Corbyn's spin doctor could play a key role in determining Labour’s position on the Customs Union

23 February 2018

3:04 PM

23 February 2018

3:04 PM

Could Britain remain in the Customs Union after Brexit? That is the question of the moment, the issue that currently troubles a lot of people in politics and government. It raises another question: who will decide whether we do indeed remain in the Customs Union? Here’s an interesting answer being given, in whispers, around Westminster and Whitehall: Seumas Milne.

The theory goes like this: the Tories are split on the CU, so Labour’s position on it will be decisive. If Jeremy Corbyn brings Labour in behind the pro-CU Tories (and the SNP) then there is a comfortable majority for staying in, no matter what either Theresa May, or the DUP might have to say about it. Hence there is a huge interest in Labour’s position, in Brussels and Whitehall and elsewhere. And hence Corbyn’s recent hints about the Labour position have raised hopes that he may be about to abandon the deliberate ambiguity on Brexit that has served the party quite well for several months now.

On Monday, Corbyn said “we have to have a customs union” which, as students of the tedious language of Brexitology know, is not the same thing as the Customs Union. Does that mean he’s coming around to a “the” position though?

Those whispers suggest so. They say that Monday’s words follow a slow but significant shift in the balance of opinion among Labour’s big players. They say that John McDonnell, the shadow chancellor, is increasingly open to backing the CU. They say that his shift, added to shadow Brexit secretary Keir Starmer’s long-standing support, has pushed Corbyn – himself fairly ambivalent – close to endorsement of the Customs Union.

Yet the whispers say that significant obstacles remain, with Corbyn’s spin doctor chief among them. If you listen to the whispers, Milne is a truly committed opponent of the EU, a man who above all else wants the cleanest break possible from an organisation he sees as dominated by corporate interests and neoliberalism. And as such, Milne may just have a rather important role to play in Britain’s post-referendum history.

If he cannot persuade Corbyn to resist the drift of his senior colleagues, there is a real chance that Labour MPs will unite with Remain-minded Tories to insist on a form of Brexit that many Tory Leavers say they cannot countenance. Where that would leave Theresa May and the British party system is an open question.

But if Milne succeeds in bending Corbyn to his will, those Leavers may well get their way too, with a Brexit that puts Britain firmly outside the Customs Union, with all that that implies for business and — especially — Northern Ireland.

Will he succeed? He does seem to be swimming against the current. But it may not be prudent to write Milne off yet. Corbyn values his advice and understandably so. You don’t have to share Milne’s horrible political views to acknowledge the technical skill and strategic guile he has brought to the job. He’s turned his boss into a highly effective and almost professional operator who pulls off the hardest trick in politics: behaving like a traditional politician without being regarded as a traditional politician.

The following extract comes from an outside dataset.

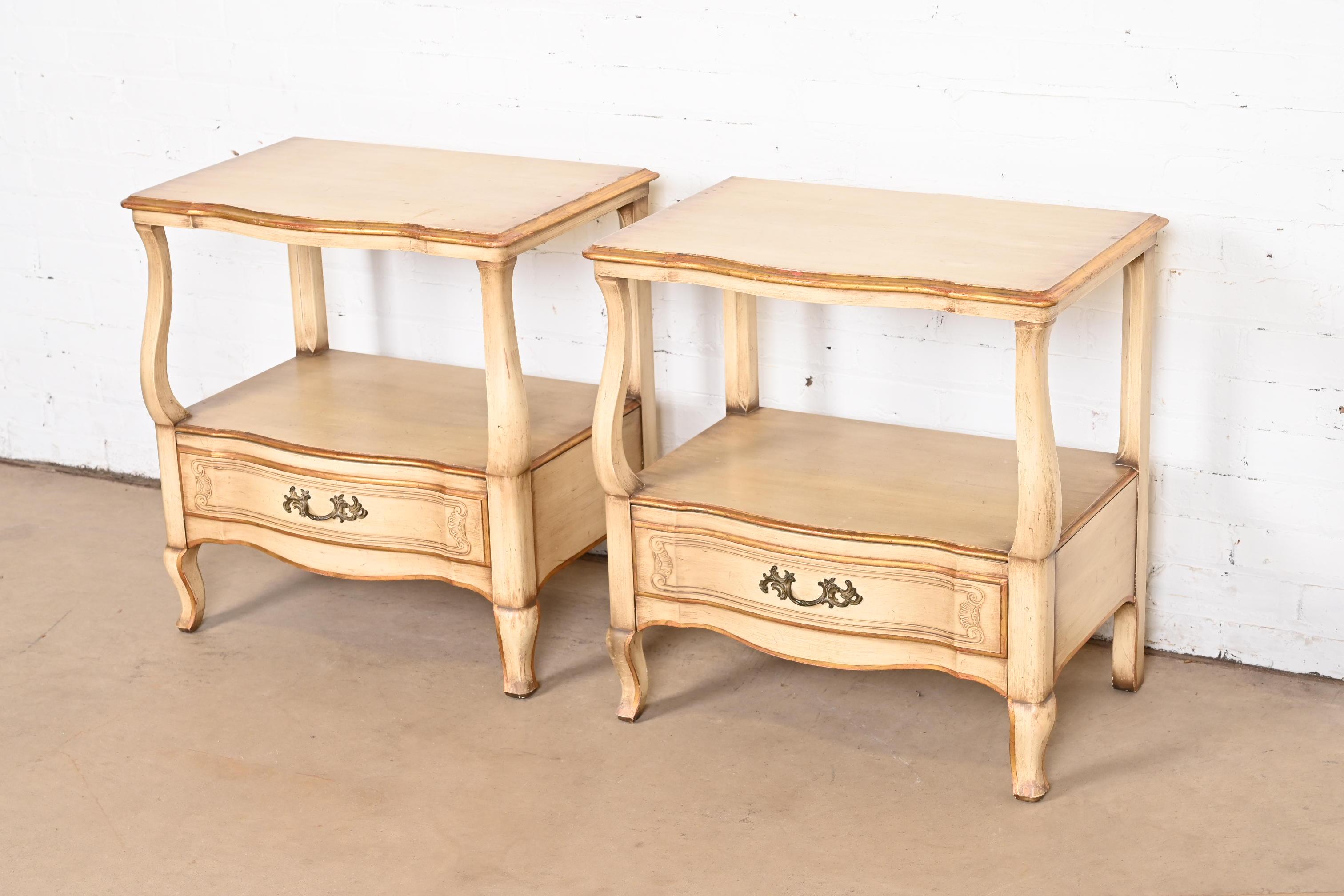 American John Widdicomb French Provincial Louis XV Nightstands, 1950s For Sale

And this is the almost dizzying prospect offered by those whispers about Labour’s evolving position on the Customs Union: the fate of the United Kingdom, the health of its economy and the dreams of dust-dry Tories such as Jacob Rees-Mogg and Iain Duncan Smith may all now rest with a Stalinist public schoolboy who appears to abhor democratic capitalism and mixes with thugs like Vladimir Putin. What a time to be alive.